Saya sontak tertarik, mengingat semakin gencarnya China mencoba menjadi raja dunia dan saya teringat sebuah pepatah, "Jika ingin sesukses dan semaju satu negara, maka kuasailah bahasanya." Pertimbangannya adalah merelakan waktu kuliah 1 tahun di UMY untuk menuntut ilmu yang tak kalah banyak di China. Ibu saya 100% mendukung. Ayah saya awalnya ragu ini itu, tapi akhirnya luluh setelah melalui proses negosiasi dengan saya dan Ibu saya. Ditambah dengan (ehem) pacar saya yang pada prinsipnya mendukung apapun yang baik untuk saya. Maka saya melangkah mantap, menempuh setiap seleksi, mencoba memenuhi setiap persyaratan. Setelah melalui beberapa proses seleksi dan menikmati deg-degannya setiap malam pengumuman, akhirnya pada tanggal 1 April pesawat kami pun mendarat di tanah Cina, sebuah negara tujuan, tempat menyantap pahit manis ilmu kehidupan, paling tidak untuk 2 semester ini.

Bagi saya, perantauan kali ini merupakan sebuah transisi kehidupan. Banyak sekali perbedaan dibandingkan perantauan saya ke negeri Paman Sam 3 tahun lalu. Bagaikan meninggalkan sebuah kehidupan seorang putri yang terbiasa dengan kemudahan dan banyaknya tangan yang siap membantu. Jujur bagi saya inilah tantangan yang membuat saya bangun dari tidur panjang, dimana saya belajar tentang kerasnya hidup. Ya, kata seorang sahabat, hidup ini keras, maka gebuklah! Disinilah semuanya terasa berbeda dan menantang...
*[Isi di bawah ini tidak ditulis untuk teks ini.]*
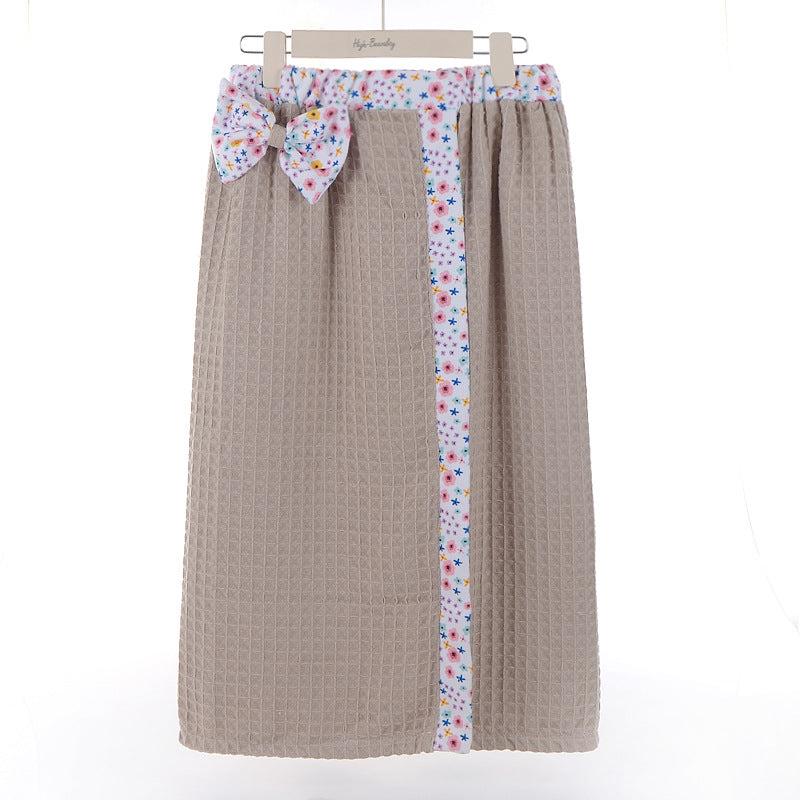 Women's Waffle Bathrobe Wrap Towel Soft Absorbent Bath Skirt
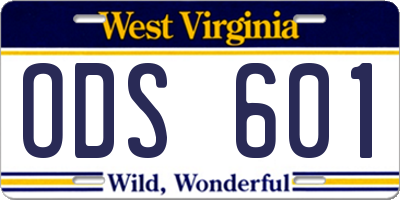 WV license plate ODS601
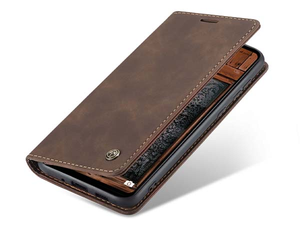 CaseMe Slim Synthetic Leather Wallet Case with Stand for Samsung Galaxy A73 5G - Chocolate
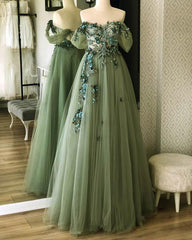 A-line Lace Embroidery Corset Tulle Dress - RongMoon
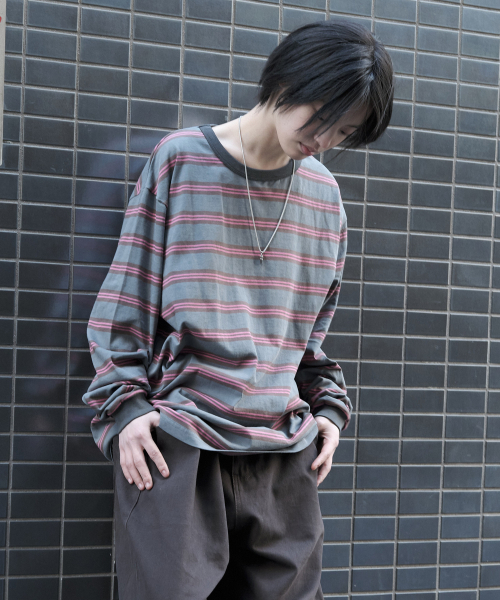 SUPERSUB(スーパーサブ)の「ピグメントストライプリンガー長袖Tシャツ - ピンク(Tシャツ/カットソー・レディース・その他・SMALL/MEDIUM/LARGE)」の5枚目の写真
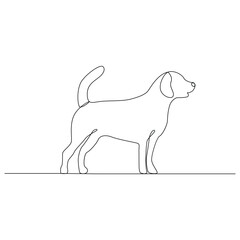 Single line dog outline continuous vector art illustration
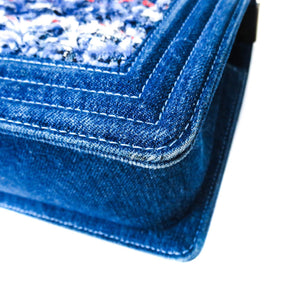 Old Medium Boy Bag in Denim and Tweed with RHW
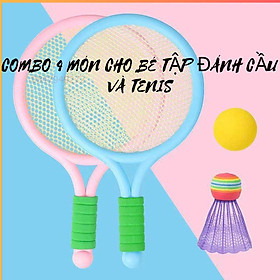 Combo 4 món vợt và bóng tập đánh cầu lông, đánh tenis vận động cho bé, phát triển sức khoẻ, ABS không độc hại, an toàn.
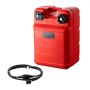 Serbatoio carburante marino VEVOR rosso con tubo carburante nero, dettagli sulla capacità e avvertenze di sicurezza visibili.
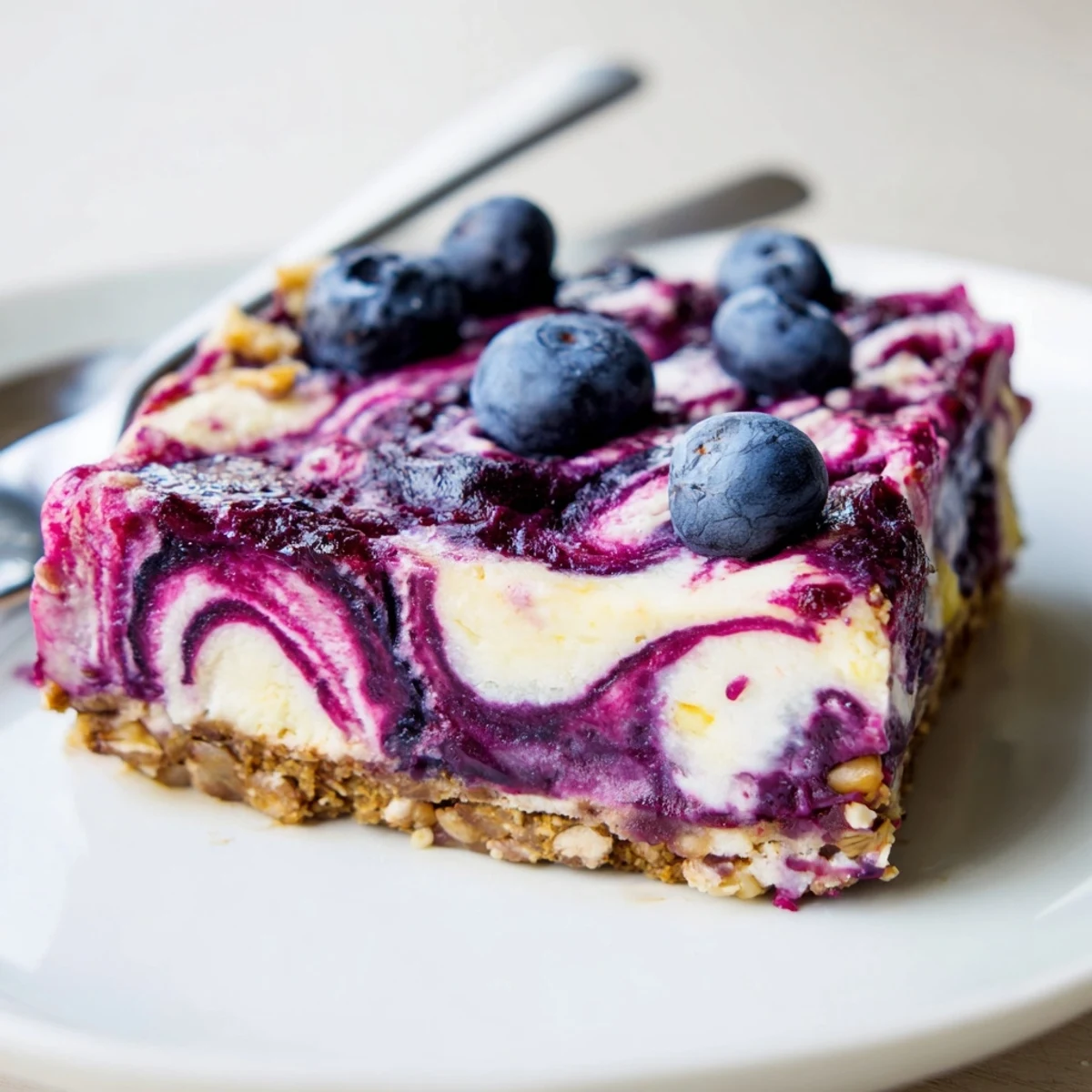 Served frozen, Blueberry Lemon Cashew Cream Bars offer bright tart lemon and sweet blueberry.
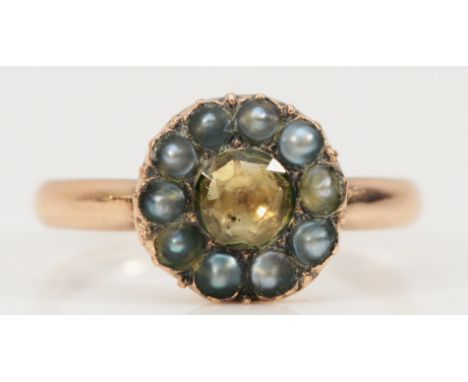 A 9ct rose gold Victorian seed pearl and yellow topaz cluster ring, 10mm ring front, M, 2.3g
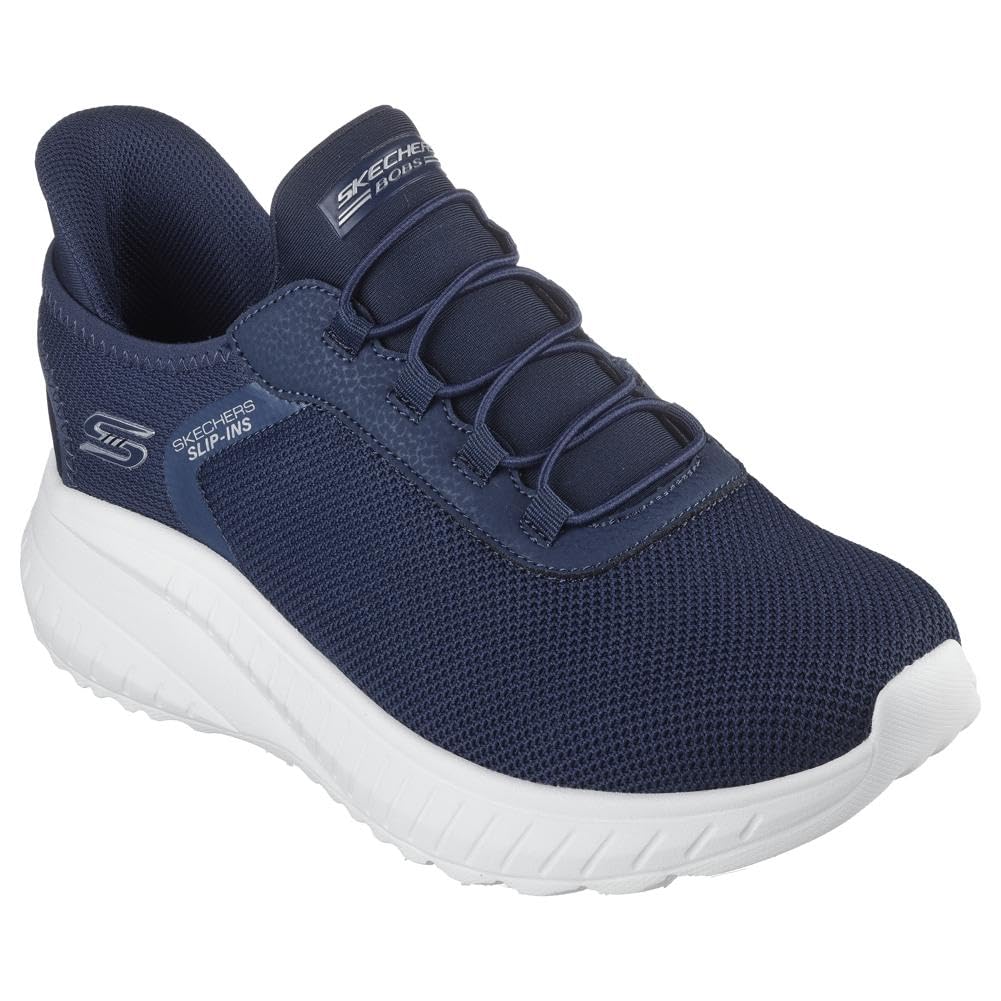 Skechers Men's Squad Chaos-Tough Walk Hands Free Slip-ins Sneaker, Navy, 6.5 Image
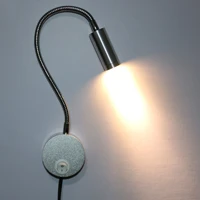 flexible pipe 3w led picture light wall sconce reading lamp fixture lighting onoff button plug silver shell bedroom hotel
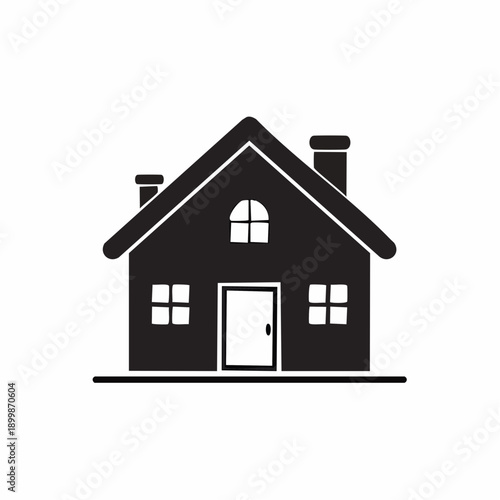 A simple black and white illustration of a detached house with a chimney, front door, and windows, representing a dwelling or residence
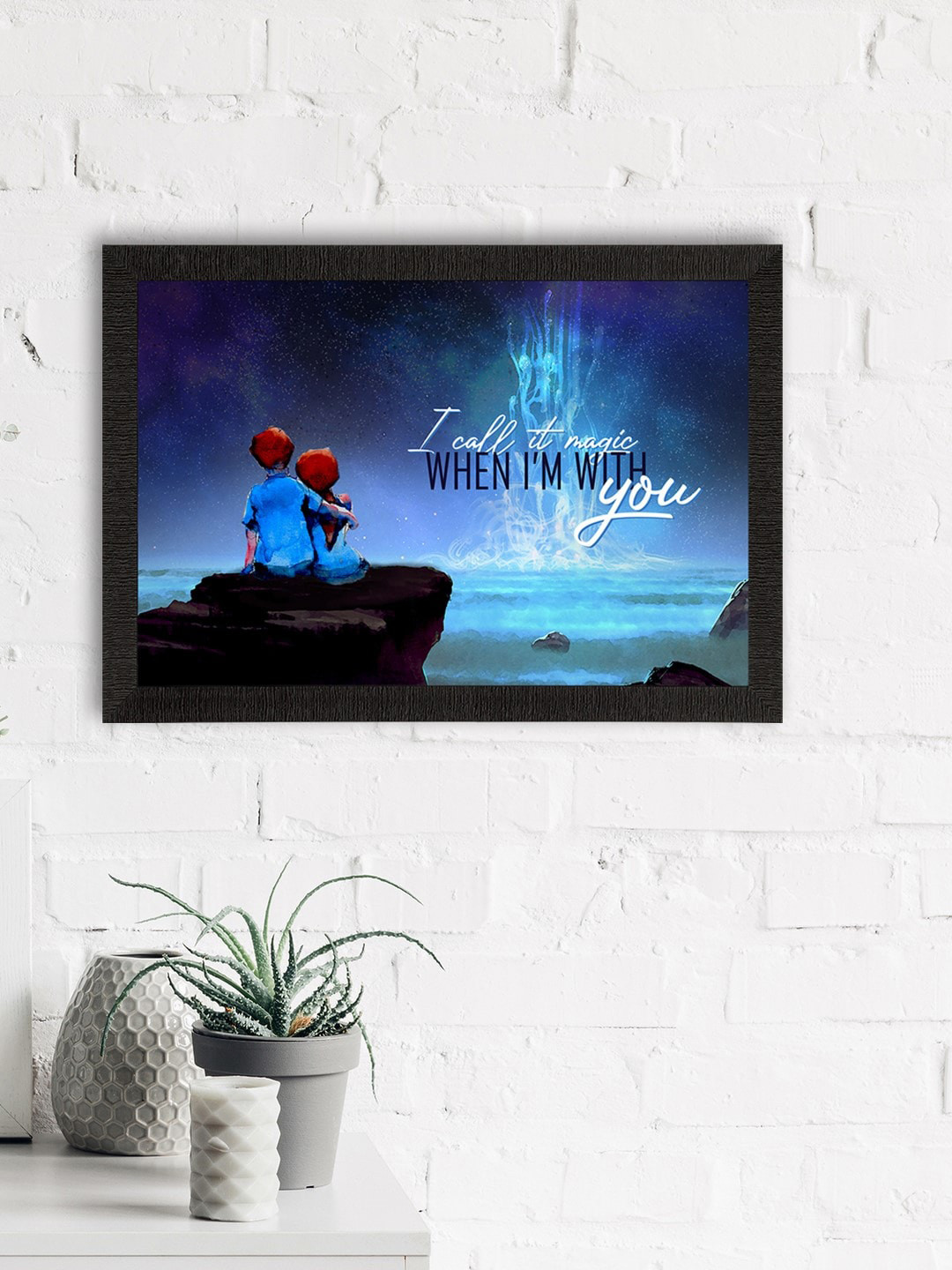 eCraftIndia I Call It Magic, When I Am With You Paper Paintings Wall Art - 20x14In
  • Keuangan// Seumur-umur saya belum pernah menjadi anak kost. Belum pernah merasakan yang namanya 'nunggu kiriman'. Masyaallah, rasanya berat sekali harus meminta kiriman dari orang tua setiap bulan. Saya jarang minta duluan, tapi orang tua saya intensif sekali bertanya masalah ini. Berat sekali untuk sekedar menjawab, rasanya saya ingin sekali bilang "...tidak perlu dikirim, pa, ma.."  Tapi saya bukan orang kantoran, saya hanya pelajar disini. Tidak ada yang menggaji. Makanya saya benar-benar ingin belajar yang baik, cepat lulus, cepat kerja, dan insyaallah memberi masa tua yang menyenangkan untuk kedua orang tua saya. Amiin Yaa Rabb...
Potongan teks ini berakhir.